Strip-till considerations in Oklahoma
Strip-till does conserve more soil moisture compared to conventional tillage systems. However in some cases, strip-till may reduce soil moisture compared to no-till. This is especially important in western Oklahoma where soil moisture is limited and strip-till allows the seed bed to dry out more quickly than a no-till seed bed, which has the residue still intact. The reduction in soil moisture may last throughout the growing season and reduce yields as it has done on a study at the Oklahoma Panhandle Research and Extension Center (OPREC) at Goodwell, Okla. (Figure 2).
Some of the difference in grain yield for 2006 can be attributed to a delay in maturation of the grain sorghum due to drought stress. The conventional tillage and strip-till plots exhibited drought stress for approximately 2 weeks during the growing season in 2007. This drought stress resulted in delayed head emergence and grain fill, which resulted in reduced test weight (Table 1). click image to zoom
In dry years, such as 2006, strip-till may not be advantageous when compared to no-till due to soil moisture loss in the tilled strip. However, strip-till may still have benefits depending on the cropping system. Breaking up a plow pan layer is possible with strip-till. The breaking up of the plow pan with strip till and the ability to use anhydrous ammonia as N source in a lower yielding environment may make strip-till more economical than no-till.
Timing of strip-till
Timing of strip-tillage does not have a large impact on strip-till success. However, a few considerations should be made, such as soil moisture conditions and time of year. If soil moisture conditions are dry, you may want to forgo strip-till since tillage in the row will only make the seed bed drier. Also, if soils are wet, you may want to delay strip-till because of seed bed roughness. Remember, you are creating the seedbed you will plant into later. In parts of western Oklahoma, strip-till in the fall may be beneficial in order to replenish soil moisture in the seeding zone compared to strip-till a few days prior to planting. Some individuals may find strip-till and planting in one operation to fit the best. The benefit of this is that all field work can be done in one operation.
As outlined previously, one of the primary purposes of strip tillage is to create a tilled strip in which seed will be planted.
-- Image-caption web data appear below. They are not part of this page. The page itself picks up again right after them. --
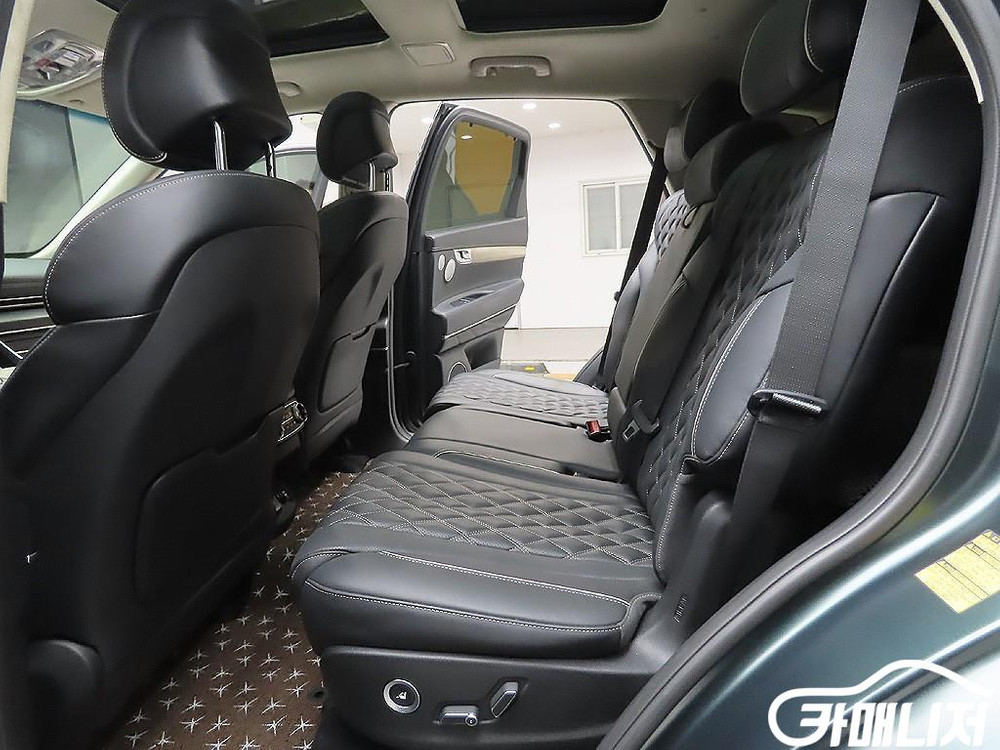 [제네시스]GV80 디젤 3.0 AWD (7인승) #불경기세일 이미지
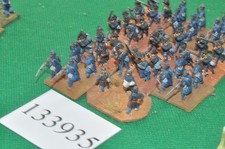 15mm ACW / union - regt 40 figs - inf (133935)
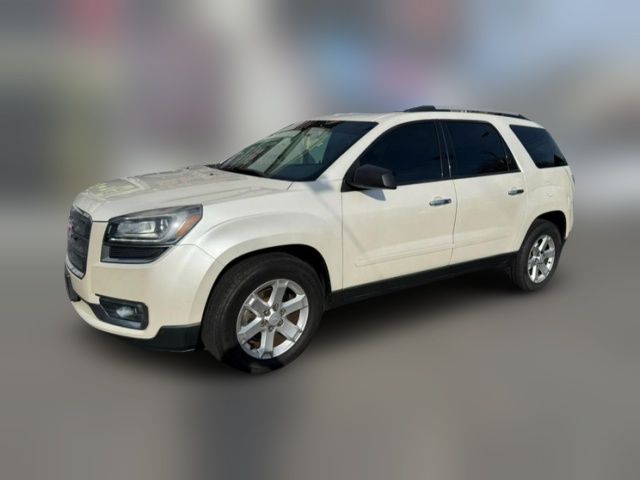 2014 GMC Acadia SLE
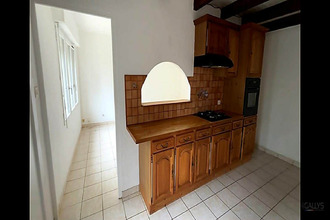achat appartement frouard 54390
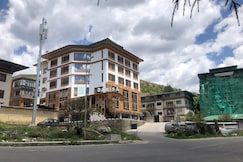 Hotel Damisa, Thimphu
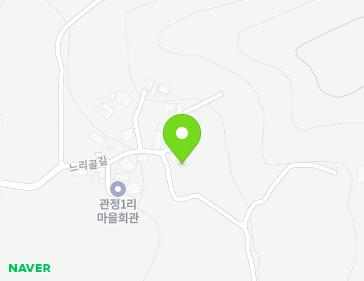 세종특별자치시 전의면 느리골길 72 지도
Thus there is a desire to stay on this tilled strip when planting. Success of this system depends on the ability to plant directly on top of the tilled strip where the fertilizer was placed. There are two interrelated items to consider: matching rows on the strip till implement; and planter and driving accuracy. If the implement widths match, any errors in the guess row will have less effect on planting in the strip. If they do not match, driving accuracy must be sufficient to avoid missing the strip with the planter. Conversely, if driving accuracy has minimal error, matching rows is not as important. Driving accuracy includes being able to return to the same path and minimizing overlap or skip. Returning to the strip is relatively simple when the strip is still visible. However, if enough time passes between when strips are made and planting, the tilled strips may not be as visible.